== ACTION ITEM ==
The range to repeat runs from the line with "ΑΝΔΡΙΚΗ ΚΟΝΤΟΜΑΝΙΚΗ ΜΠΛΟΥΖΑ MATCH ACTIBREEZE ΑΝΔΡΙΚΗ" to the last line below, both ends included; give it exactly and without pictures.

== SOURCE MATERIAL ==
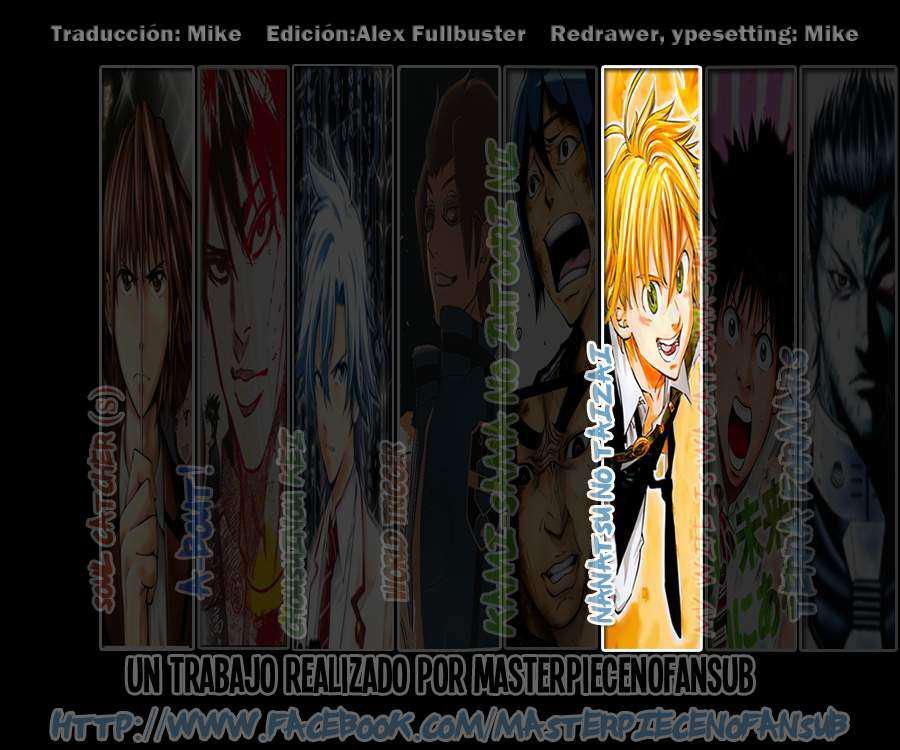 Capitulo 55 page 3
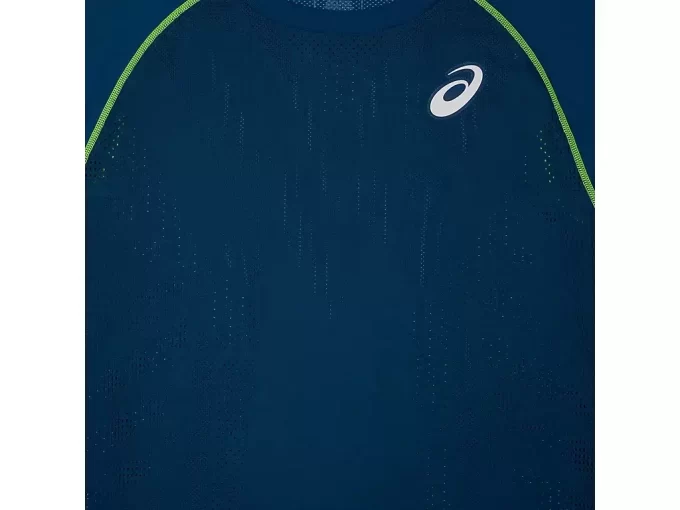 ΑΝΔΡΙΚΗ ΚΟΝΤΟΜΑΝΙΚΗ ΜΠΛΟΥΖΑ MATCH ACTIBREEZE ΑΝΔΡΙΚΗ ΚΟΝΤΟΜΑΝΙΚΗ ΜΠΛΟΥΖΑ MATCH ACTIBREEZE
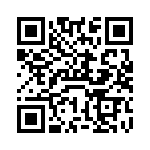 VE-230-MU-B1 QRCode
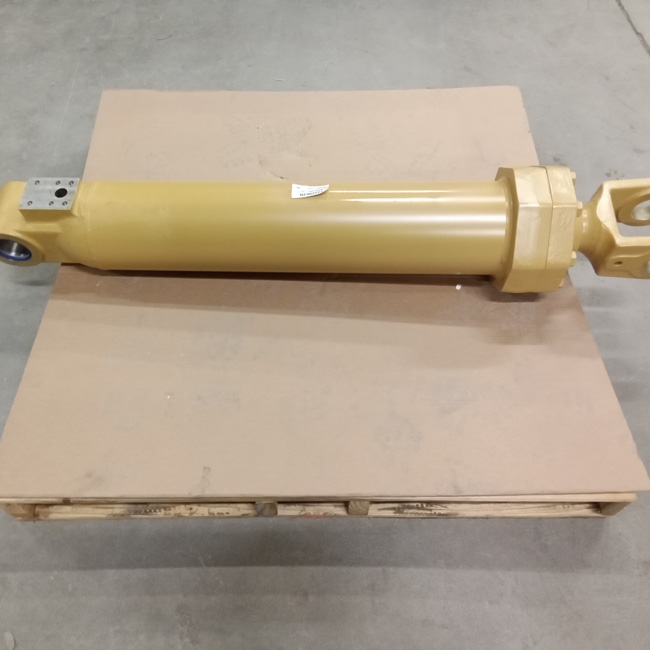 New CYLINDER GRP 1332963 5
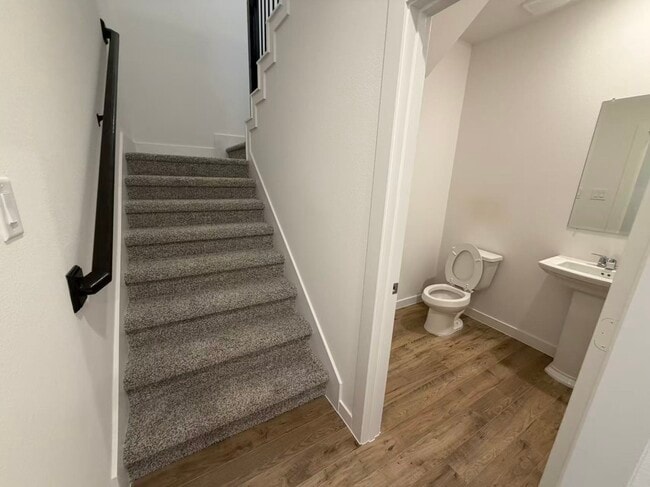 Building Photo - 3539 Adelie Ln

== SOLUTION ==
 ΑΝΔΡΙΚΗ ΚΟΝΤΟΜΑΝΙΚΗ ΜΠΛΟΥΖΑ MATCH ACTIBREEZE ΑΝΔΡΙΚΗ ΚΟΝΤΟΜΑΝΙΚΗ ΜΠΛΟΥΖΑ MATCH ACTIBREEZE
 VE-230-MU-B1 QRCode
 New CYLINDER GRP 1332963 5
 Building Photo - 3539 Adelie Ln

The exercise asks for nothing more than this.